• Work task
Beneath this line sits some data. Return only its lines from the one holding "Used 2024 RAM" through the one holding "Casa da Maya", inclusive, exactly, with the images removed.

• The input
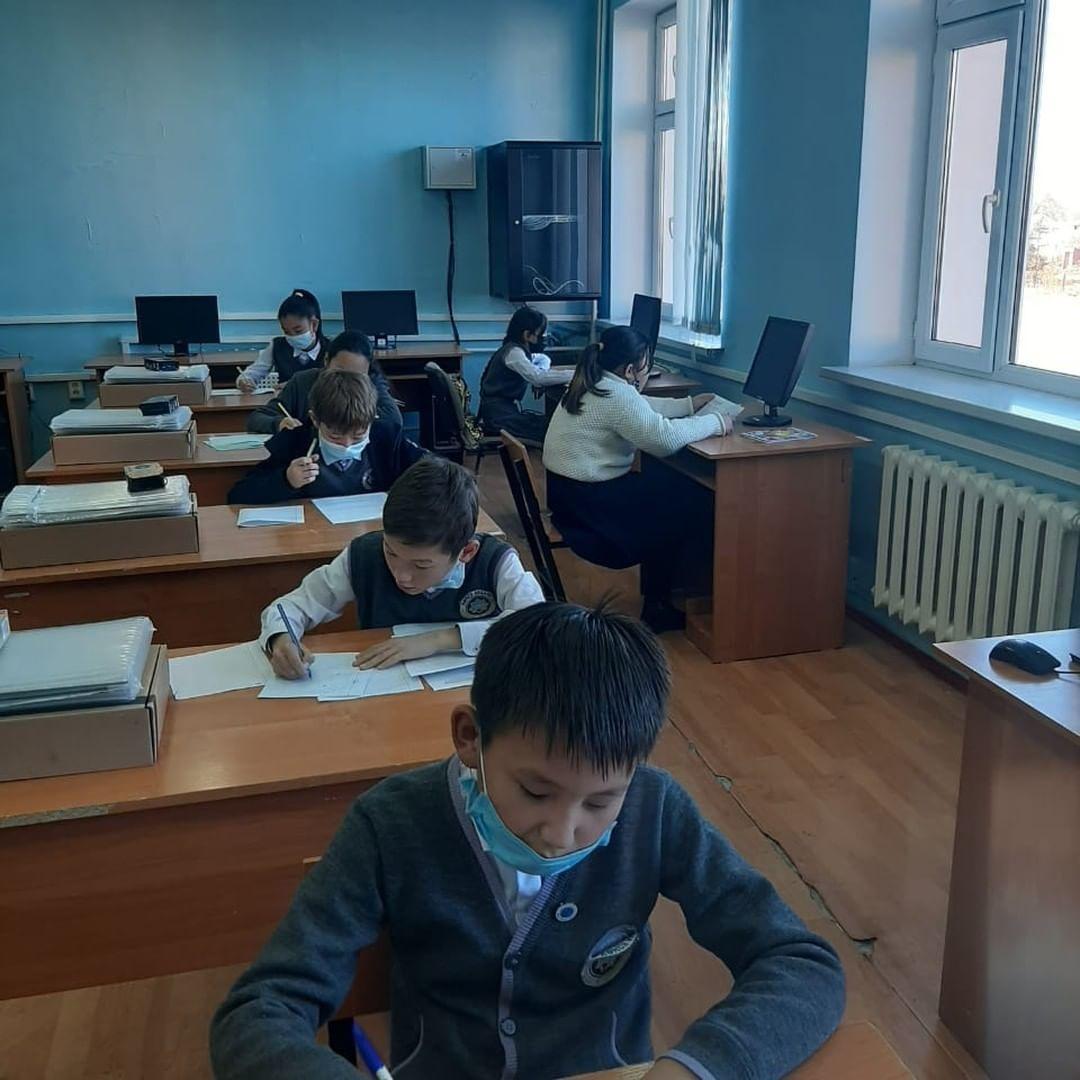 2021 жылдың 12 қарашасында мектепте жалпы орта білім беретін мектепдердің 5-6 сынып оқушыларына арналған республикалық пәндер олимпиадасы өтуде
--
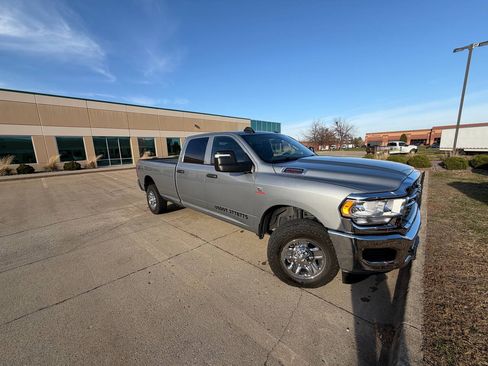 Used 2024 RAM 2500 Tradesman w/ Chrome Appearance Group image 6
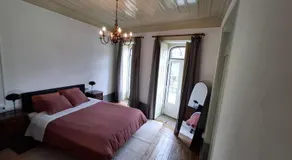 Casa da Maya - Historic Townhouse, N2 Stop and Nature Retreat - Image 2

• Answer section
 Used 2024 RAM 2500 Tradesman w/ Chrome Appearance Group image 6
 Casa da Maya - Historic Townhouse, N2 Stop and Nature Retreat - Image 2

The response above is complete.